Simpson: Who pays the price for neglecting reforms?
March 21, 2007
Brutal violence is an everyday occurrence at the Youth Commission largely because the state of Texas is allowing under-trained, understaffed and underpaid correctional officers to oversee youths
Written by DEE SIMPSON of the AMERICAN FEDERATION OF STATE, COUNTY & MUNICIPAL EMPLOYEES, DALLAS MORNING NEWS

Photo by MONA REEDER of the Dallas Morning News
As the American-Statesman's Mike Ward showed so poignantly in his Sunday story ("Guards' hurts stir oversight concerns"), we're getting what we pay for at the Texas Youth Commission.
Brutal violence is an everyday occurrence at the Youth Commission largely because the state of Texas is allowing under-trained, understaffed and underpaid correctional officers to oversee youths.
Though the results are less outrageous, the adult system is in similar shape. There, correctional officer training, turnover and pay are only slightly better, but the results are startlingly similar: 36 percent of all reported inmate rapes in the United States occur in Texas Department of Criminal Justice (TDCJ) prisons.
It's time to confront a new reality: You can't incarcerate on the cheap. Public safety costs money. It's time for comprehensive reform.

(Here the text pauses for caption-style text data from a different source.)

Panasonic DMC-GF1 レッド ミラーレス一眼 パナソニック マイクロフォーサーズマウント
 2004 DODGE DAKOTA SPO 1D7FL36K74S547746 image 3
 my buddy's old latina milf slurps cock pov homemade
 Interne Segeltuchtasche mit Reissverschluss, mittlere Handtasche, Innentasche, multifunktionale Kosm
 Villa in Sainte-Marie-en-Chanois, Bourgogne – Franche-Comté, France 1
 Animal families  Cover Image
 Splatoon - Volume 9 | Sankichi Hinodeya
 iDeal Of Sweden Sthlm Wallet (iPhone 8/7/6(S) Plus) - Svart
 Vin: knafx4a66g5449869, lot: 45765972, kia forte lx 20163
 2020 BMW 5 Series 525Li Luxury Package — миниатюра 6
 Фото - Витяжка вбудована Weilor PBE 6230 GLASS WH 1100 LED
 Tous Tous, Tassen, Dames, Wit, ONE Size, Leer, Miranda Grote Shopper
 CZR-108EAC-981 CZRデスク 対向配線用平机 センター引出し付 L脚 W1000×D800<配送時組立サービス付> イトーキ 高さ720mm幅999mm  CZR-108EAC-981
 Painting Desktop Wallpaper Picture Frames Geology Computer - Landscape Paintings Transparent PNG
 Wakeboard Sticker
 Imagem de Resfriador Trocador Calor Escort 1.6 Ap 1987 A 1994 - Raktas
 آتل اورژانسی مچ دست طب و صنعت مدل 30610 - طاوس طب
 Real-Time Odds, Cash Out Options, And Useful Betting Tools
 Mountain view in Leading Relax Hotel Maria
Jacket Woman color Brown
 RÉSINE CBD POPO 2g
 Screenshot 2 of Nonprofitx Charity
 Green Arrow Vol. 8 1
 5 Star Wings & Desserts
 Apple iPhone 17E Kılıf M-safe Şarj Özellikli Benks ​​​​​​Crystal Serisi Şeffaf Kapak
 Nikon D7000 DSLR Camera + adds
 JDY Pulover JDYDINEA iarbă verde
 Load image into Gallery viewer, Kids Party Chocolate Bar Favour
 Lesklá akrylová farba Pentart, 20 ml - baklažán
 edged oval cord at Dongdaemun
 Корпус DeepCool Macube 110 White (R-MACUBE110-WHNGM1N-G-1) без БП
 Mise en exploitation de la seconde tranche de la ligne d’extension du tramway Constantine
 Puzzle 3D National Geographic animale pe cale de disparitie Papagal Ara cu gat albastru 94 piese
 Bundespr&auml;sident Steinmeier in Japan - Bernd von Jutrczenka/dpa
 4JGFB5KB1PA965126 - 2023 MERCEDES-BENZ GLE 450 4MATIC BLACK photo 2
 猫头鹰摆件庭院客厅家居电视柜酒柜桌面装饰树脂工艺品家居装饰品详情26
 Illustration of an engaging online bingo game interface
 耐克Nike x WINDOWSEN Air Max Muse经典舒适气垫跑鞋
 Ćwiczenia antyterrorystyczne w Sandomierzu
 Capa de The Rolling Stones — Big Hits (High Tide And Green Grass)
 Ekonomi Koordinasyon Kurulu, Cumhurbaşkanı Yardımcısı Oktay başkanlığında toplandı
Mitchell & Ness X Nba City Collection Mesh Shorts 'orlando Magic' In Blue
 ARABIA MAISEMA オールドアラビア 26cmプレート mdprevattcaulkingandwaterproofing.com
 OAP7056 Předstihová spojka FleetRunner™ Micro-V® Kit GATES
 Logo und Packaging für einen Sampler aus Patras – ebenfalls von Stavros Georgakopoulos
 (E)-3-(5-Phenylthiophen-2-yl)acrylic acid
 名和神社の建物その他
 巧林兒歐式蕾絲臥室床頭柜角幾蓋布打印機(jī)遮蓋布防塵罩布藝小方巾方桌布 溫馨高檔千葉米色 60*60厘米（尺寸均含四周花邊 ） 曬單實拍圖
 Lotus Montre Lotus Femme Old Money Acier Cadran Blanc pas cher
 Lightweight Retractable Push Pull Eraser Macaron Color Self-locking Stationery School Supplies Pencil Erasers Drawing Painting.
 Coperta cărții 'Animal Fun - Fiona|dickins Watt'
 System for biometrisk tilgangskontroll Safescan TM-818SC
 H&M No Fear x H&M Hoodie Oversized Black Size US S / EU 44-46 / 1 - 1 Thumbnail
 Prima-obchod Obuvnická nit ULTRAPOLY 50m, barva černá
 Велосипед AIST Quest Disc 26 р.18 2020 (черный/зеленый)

The Youth Commission and TDCJ operate in a culture of concealment. Let the sun shine in and heed the Commission on Safety and Abuse in America's Prisons, whose 2006 report called for independent inspector generals who can inspect any facility at any time without notice. The Legislature also should create and fully staff its own monitoring system.
Right now, the "new boots" aren't ready for this difficult and dangerous job. The Department of Criminal Justice requires only five weeks of training. The Youth Commission is even less demanding. As Ward reported, training in defusing violent situations is sorely lacking.
Currently, there is no correctional officer accreditation system at either the Department of Criminal Justice or the Youth Commission. Consequently, staff quality is inconsistent, and the standards to which they're held are set at the whim of wardens and superintendents. Professionalizing the staff — with requirements that include reporting abuse — will improve performance and morale.
Texas operates the only major incarceration system that doesn't formally negotiate with frontline employees over safety and the best ways to accomplish the agency's mission. With few rights, correctional officers are in a constant state of fear for their jobs and safety. That may be one reason why, for example, the abuse by top-level Youth Commission administrators went unreported for so long at the Pyote facility.
Correctional officers deserve expanded whistleblower protections and an employee grievance system that is clear, open and not decided by the warden or superintendent. There also should be an employee-management consultation process to head off emerging problems, and correctional officers should be allowed to organize at units. Correctional officer pay at Department of Criminal Justice is 47th in the country. Pay at the Youth Commission is so low it isn't even on the radar screen. To attract and keep quality correctional officers, pay must be increased to the national average, and these employees should be placed in a separate, 12-year career ladder.
Low-level offenders, drug and alcohol addicts and probation-eligible inmates are clogging state prison units. Instead of building and staffing costly prisons, the chairmen of the two committees that oversee prisons, state Sen. John Whitmire, D-Houston, and state Rep. Jerry Madden, R-Richardson, want to move these inmates out of state units and into programs that will turn lives around.
Meanwhile, many have called for moving many juvenile offenders into adequately funded community-based programs instead of crowded Youth Commission facilities.
In 2001, the House and Senate unanimously passed House Bill 3185, which would have put into effect most of these reforms at the Texas Department of Criminal Justice. However, Gov. Rick Perry vetoed the bill, saying that the department would implement them without the legislation. It never did.
Six years later, the Texas Department of Criminal Justice remains short at least 3,200 officers, still loses about 6,000 (25 percent) a year, and is just as violent and overcrowded as ever. At the Youth Commission, the story is obviously worse and the consequences have been more dire.
All of these issues are on the table again at the Legislature. It's time to act — finally.
Simpson is the Texas political and legislative director for the American Federation of State, County & Municipal Employees (AFSCME), which represents TDCJ correctional officers.